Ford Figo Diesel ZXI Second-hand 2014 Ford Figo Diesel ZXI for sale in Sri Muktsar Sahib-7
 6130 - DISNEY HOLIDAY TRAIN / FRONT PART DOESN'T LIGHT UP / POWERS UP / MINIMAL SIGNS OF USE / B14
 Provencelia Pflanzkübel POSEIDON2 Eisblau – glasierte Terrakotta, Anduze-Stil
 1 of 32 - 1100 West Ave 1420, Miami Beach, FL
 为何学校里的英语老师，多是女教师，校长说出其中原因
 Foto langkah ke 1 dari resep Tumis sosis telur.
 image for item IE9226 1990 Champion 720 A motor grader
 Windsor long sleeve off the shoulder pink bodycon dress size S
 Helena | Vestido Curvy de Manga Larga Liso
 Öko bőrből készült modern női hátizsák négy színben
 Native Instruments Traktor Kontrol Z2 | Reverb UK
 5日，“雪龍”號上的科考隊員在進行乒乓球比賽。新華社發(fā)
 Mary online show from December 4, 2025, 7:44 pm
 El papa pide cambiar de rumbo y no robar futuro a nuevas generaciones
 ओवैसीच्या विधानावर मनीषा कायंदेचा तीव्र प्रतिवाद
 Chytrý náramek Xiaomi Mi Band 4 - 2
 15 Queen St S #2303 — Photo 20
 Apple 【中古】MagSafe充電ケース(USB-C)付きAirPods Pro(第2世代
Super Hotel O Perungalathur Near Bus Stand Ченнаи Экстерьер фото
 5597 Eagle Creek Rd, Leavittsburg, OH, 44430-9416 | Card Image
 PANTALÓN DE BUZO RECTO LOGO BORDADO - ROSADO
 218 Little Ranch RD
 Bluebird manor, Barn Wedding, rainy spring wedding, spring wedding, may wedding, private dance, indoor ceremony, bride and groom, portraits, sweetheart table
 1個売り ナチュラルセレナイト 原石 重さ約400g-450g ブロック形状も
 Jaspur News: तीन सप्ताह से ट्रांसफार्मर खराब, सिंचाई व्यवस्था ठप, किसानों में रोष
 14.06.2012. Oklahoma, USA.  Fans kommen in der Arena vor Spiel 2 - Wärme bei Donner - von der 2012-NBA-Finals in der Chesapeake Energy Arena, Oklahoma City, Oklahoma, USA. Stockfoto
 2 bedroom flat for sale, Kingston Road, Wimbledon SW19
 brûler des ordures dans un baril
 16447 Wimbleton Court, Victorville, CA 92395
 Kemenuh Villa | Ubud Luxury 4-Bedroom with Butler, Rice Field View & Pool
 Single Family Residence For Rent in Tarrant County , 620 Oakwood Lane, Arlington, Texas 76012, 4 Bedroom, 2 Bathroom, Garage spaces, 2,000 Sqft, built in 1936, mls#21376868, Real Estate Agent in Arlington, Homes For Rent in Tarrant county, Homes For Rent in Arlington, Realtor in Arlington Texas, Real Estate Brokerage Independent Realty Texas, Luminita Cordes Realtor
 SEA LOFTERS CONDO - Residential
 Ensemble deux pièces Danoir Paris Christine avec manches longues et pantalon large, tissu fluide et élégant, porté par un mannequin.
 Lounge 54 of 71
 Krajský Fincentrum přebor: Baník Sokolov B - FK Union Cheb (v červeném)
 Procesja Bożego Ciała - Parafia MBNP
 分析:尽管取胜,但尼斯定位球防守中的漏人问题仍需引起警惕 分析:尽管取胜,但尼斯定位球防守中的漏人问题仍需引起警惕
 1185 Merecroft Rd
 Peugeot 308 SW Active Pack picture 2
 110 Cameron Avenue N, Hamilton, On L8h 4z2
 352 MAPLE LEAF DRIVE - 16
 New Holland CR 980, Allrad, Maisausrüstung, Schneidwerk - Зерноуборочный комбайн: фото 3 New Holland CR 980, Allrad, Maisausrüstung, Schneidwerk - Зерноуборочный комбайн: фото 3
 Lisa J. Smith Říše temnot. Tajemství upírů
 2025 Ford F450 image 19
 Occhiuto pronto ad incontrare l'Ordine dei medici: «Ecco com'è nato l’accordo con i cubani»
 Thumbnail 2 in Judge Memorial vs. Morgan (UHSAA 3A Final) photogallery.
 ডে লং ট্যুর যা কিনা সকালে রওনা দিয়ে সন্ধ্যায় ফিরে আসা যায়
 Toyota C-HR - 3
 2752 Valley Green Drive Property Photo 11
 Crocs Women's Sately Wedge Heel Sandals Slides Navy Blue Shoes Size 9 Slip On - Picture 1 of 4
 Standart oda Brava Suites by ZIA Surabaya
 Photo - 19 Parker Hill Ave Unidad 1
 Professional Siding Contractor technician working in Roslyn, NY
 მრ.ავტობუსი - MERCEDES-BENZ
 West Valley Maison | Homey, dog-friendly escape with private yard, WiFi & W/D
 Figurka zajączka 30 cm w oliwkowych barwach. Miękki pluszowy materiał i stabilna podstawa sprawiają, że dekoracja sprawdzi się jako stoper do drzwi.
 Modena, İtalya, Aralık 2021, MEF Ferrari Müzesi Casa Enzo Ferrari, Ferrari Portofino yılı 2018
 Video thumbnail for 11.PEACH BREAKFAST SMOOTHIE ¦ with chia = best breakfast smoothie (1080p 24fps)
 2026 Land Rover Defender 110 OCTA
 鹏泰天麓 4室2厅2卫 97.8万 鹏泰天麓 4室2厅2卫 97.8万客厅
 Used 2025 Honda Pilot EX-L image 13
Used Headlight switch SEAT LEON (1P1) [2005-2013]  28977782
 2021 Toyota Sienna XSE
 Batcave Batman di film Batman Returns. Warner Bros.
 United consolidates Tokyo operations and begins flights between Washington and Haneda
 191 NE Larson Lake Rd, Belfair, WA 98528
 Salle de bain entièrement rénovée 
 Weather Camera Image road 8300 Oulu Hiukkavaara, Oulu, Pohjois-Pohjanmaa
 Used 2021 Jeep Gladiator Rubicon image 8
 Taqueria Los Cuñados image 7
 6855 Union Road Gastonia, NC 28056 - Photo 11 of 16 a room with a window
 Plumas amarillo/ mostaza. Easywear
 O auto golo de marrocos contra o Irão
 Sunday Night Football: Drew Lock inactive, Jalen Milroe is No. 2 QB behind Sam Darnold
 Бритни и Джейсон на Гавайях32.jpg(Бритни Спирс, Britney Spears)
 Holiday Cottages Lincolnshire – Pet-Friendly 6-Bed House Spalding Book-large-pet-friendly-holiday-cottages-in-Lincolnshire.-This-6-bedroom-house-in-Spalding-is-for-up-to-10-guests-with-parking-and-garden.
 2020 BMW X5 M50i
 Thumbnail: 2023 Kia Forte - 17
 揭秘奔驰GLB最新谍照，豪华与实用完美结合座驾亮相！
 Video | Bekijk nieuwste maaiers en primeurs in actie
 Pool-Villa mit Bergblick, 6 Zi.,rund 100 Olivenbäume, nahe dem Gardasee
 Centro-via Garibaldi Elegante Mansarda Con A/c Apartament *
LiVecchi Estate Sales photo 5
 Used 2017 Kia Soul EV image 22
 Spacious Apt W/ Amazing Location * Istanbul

-------

Give only the lines from the one holding "Figurka zajączka 30" through the one holding "Modena, İtalya, Aralık", each restated exactly as it appears above.

| Exercise solution |
 Figurka zajączka 30 cm w oliwkowych barwach. Miękki pluszowy materiał i stabilna podstawa sprawiają, że dekoracja sprawdzi się jako stoper do drzwi.
 Modena, İtalya, Aralık 2021, MEF Ferrari Müzesi Casa Enzo Ferrari, Ferrari Portofino yılı 2018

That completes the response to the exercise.